Brian Steensland is a professor of sociology at the University of Indiana. His new book, the Failed Welfare Revolution: America’s Struggle over the Guaranteed Income Policy, chronicles the history of the guaranteed income movement of the 1960s and 70s, examining how and why it sprang up so suddenly, took on its air of inevitability, and as quickly disappeared from the political mainstream.
Steensland’s work is extremely thorough. He seems to have found every speech and article by every politician, pundit, columnist, union leader, nonprofit director, and political activist, who ever spoke or wrote on the issue. He discusses the internal squabbles of the Nixon administration from which the administration’s version coalesced into ‘the Family Assistance Plan.’ He reports on which Senators and Representatives supported or opposed the bill in committee, who changed their minds, when and why. His thoroughness makes the book tough going at times, but serves a worthy purpose. Steensland paints a vivid picture. Reading this book I feel as though I know what happened, what went wrong, and what opportunities were lost.
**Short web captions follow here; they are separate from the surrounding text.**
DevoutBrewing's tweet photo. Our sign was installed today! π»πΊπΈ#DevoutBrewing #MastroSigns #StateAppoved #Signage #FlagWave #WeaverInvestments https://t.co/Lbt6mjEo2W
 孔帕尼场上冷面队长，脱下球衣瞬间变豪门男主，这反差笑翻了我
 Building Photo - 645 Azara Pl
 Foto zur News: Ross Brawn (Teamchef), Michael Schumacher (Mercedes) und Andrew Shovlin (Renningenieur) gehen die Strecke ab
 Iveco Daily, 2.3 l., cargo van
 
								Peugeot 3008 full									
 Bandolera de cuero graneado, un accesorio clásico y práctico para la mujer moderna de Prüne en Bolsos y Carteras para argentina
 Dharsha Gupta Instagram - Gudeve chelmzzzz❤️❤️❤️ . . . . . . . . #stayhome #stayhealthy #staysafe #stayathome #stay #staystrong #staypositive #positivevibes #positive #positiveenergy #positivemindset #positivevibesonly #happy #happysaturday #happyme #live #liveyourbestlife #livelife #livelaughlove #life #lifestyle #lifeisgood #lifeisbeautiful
The guaranteed income emerged in policy circles in the mid-1960s as the confluence of several events, among them the growth in political attention to poverty, the belief that something must be done about the welfare system to help reduce poverty, and the endorsement of the guaranteed income by widely divergent policy experts. The guaranteed income briefly became the consensus view of economists, who put it forward as the scientific solution to poverty. The guaranteed income faced the prospect of being able to attract broad support from both left and right. For those on the left, the guaranteed income offered greater freedom and less supervision for the poor and a breakdown of the distinction between the so-called deserving and undeserving poor. For those on the right, it offered greater incentives for people receiving public assistance to enter the labor force and greater support for the working poor-usually believed to be the most deserving of all.
Instead, the Family Assistance plan managed to alienate critics of the welfare system from both left and right. Many welfare-rights activists viewed the plan as a reduction in welfare benefits for the most needy; and many conservatives viewed it as a major expansion of the number of people ‘on the welfare rolls.’ The defeat stemmed largely from Nixon’s failure to capture the rhetoric. His speeches largely played into the hands of the plan’s opponents. Even so, the defeat was extremely narrow. Had Nixon been willing to expend more political capital on it, to make the right promises, and to twist the right arms, he may well have got it through the Senate in 1970. Instead, critics of the plan took the initiative and created new policies, such as the Earn Income Tax Credit, that incorporated some aspects of Family Assistance Plan, but reinforced the distinction between the so-called deserving and undeserving poor.
By the late 1970s the opportunity was gone. The ‘welfare mess’ remained a political concern, but poverty did not. By the time Ronald Reagan was elected in 1980, poverty was no longer seen as a problem in need of a better solution. The welfare system was seen as the problem, and the most popular solution was for government to do less to address poverty.